Requirement: Would you retype, word for word, the line with "Snickers Salad Recipe, Apple" and each line after it to the end of the entries below, leaving the pictures out?

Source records
☆ ☆ ☆ ☆ ☆ ☆ ☆

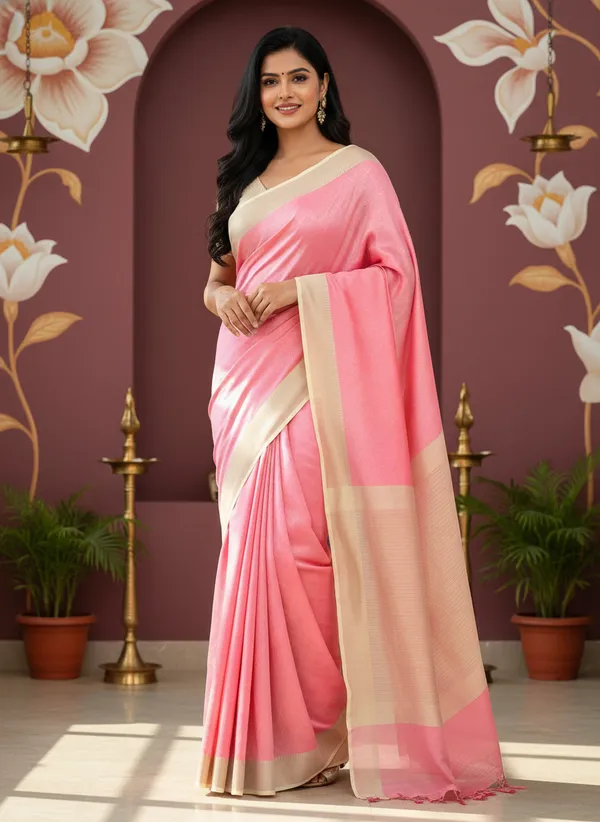 Light_Pink_Womens_Banarasi_Cotton_Silk_Self_Work_Saree_|_Contrast_Aanchal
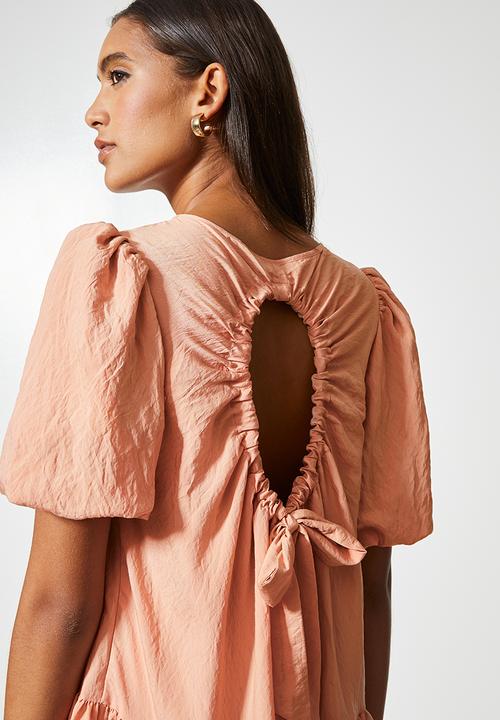VELVET - Voluminous tiered mini dress - nude1
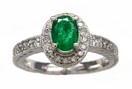 LDS OVAL EMERALD & DIAMOND RING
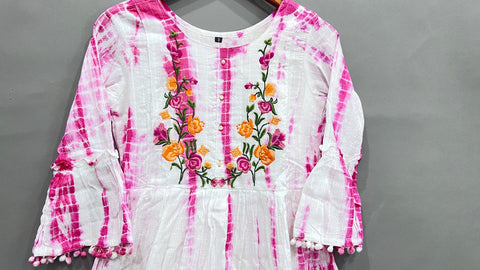 Pink White A-Line Kurti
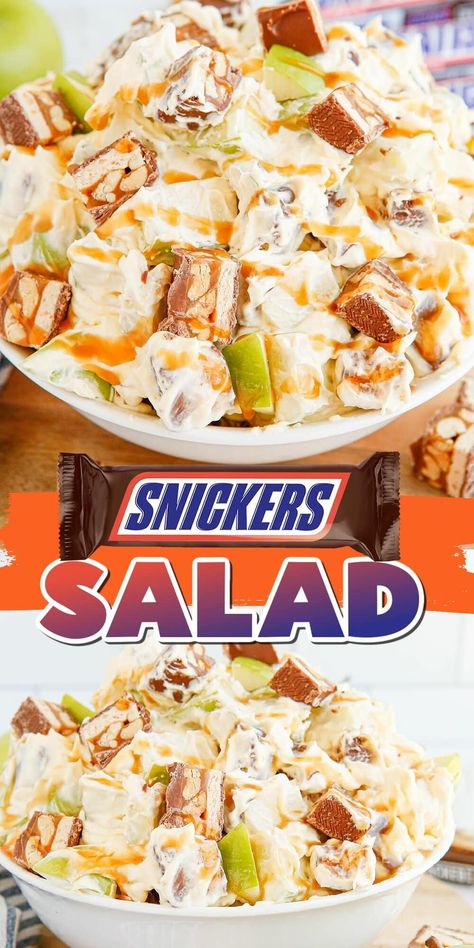 Snickers Salad Recipe, Apple Snickers Salad, Snickers Dessert, Desert Salads, Dessert Salad Recipes, Snicker Apple Salad, Snickers Salad, Apple Dishes, Apple Salad Recipes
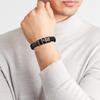 Vnox Free Personalized Family Names Stainless Steel Beads Bracelets Gift for Dad Grandpa, Mens Leather Wristband,Christmas Gift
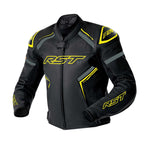 RST Motorcycle Sports | Road Leather Jacket - S1 D3O Armour (Black / Grey / Flo Yellow)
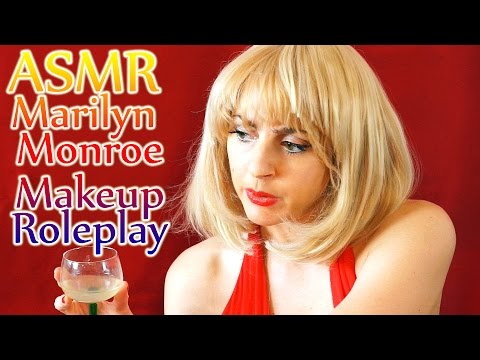 ♥ ASMR Marilyn Monroe Role Play Makeup & Hair Brushing, Soft Spoken Binaural Sound ♥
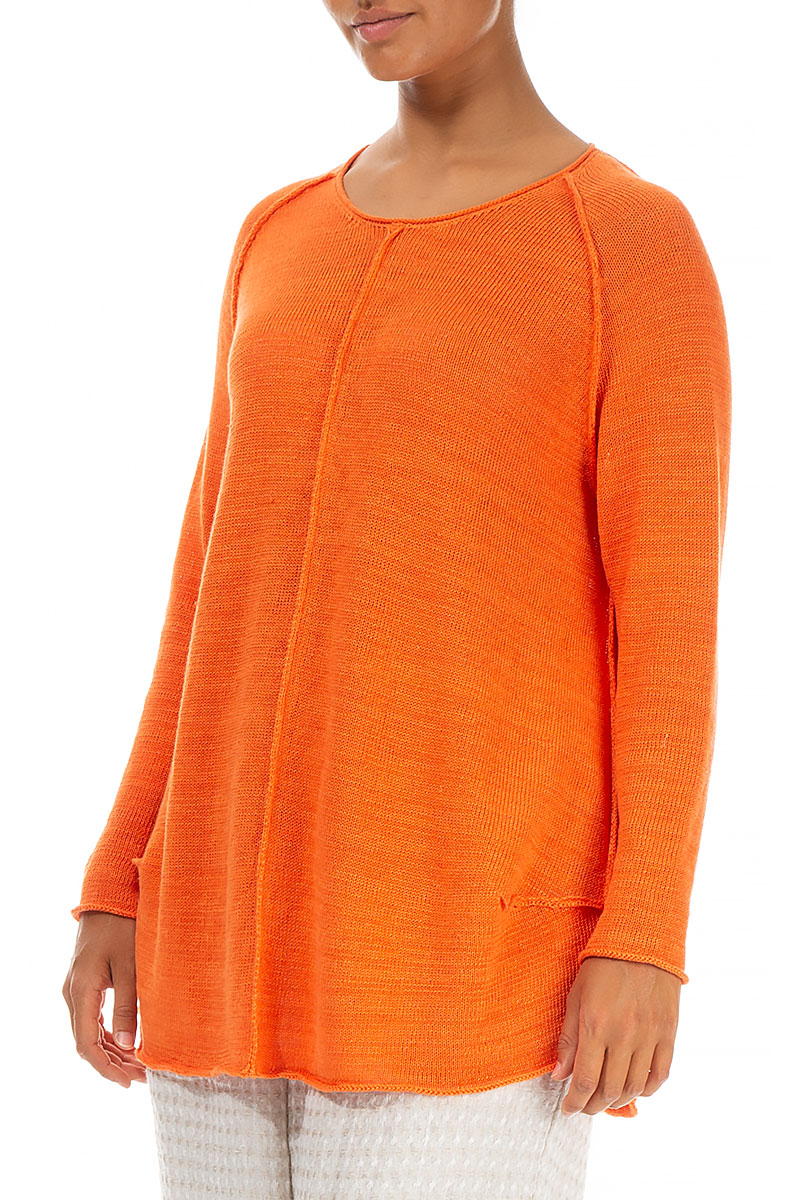 Exposed Seam Neon Orange Linen Jumper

☆ ☆ ☆ ☆ ☆ ☆ ☆

Completed task:
 Snickers Salad Recipe, Apple Snickers Salad, Snickers Dessert, Desert Salads, Dessert Salad Recipes, Snicker Apple Salad, Snickers Salad, Apple Dishes, Apple Salad Recipes
 Vnox Free Personalized Family Names Stainless Steel Beads Bracelets Gift for Dad Grandpa, Mens Leather Wristband,Christmas Gift
 RST Motorcycle Sports | Road Leather Jacket - S1 D3O Armour (Black / Grey / Flo Yellow)
 ♥ ASMR Marilyn Monroe Role Play Makeup & Hair Brushing, Soft Spoken Binaural Sound ♥
 Exposed Seam Neon Orange Linen Jumper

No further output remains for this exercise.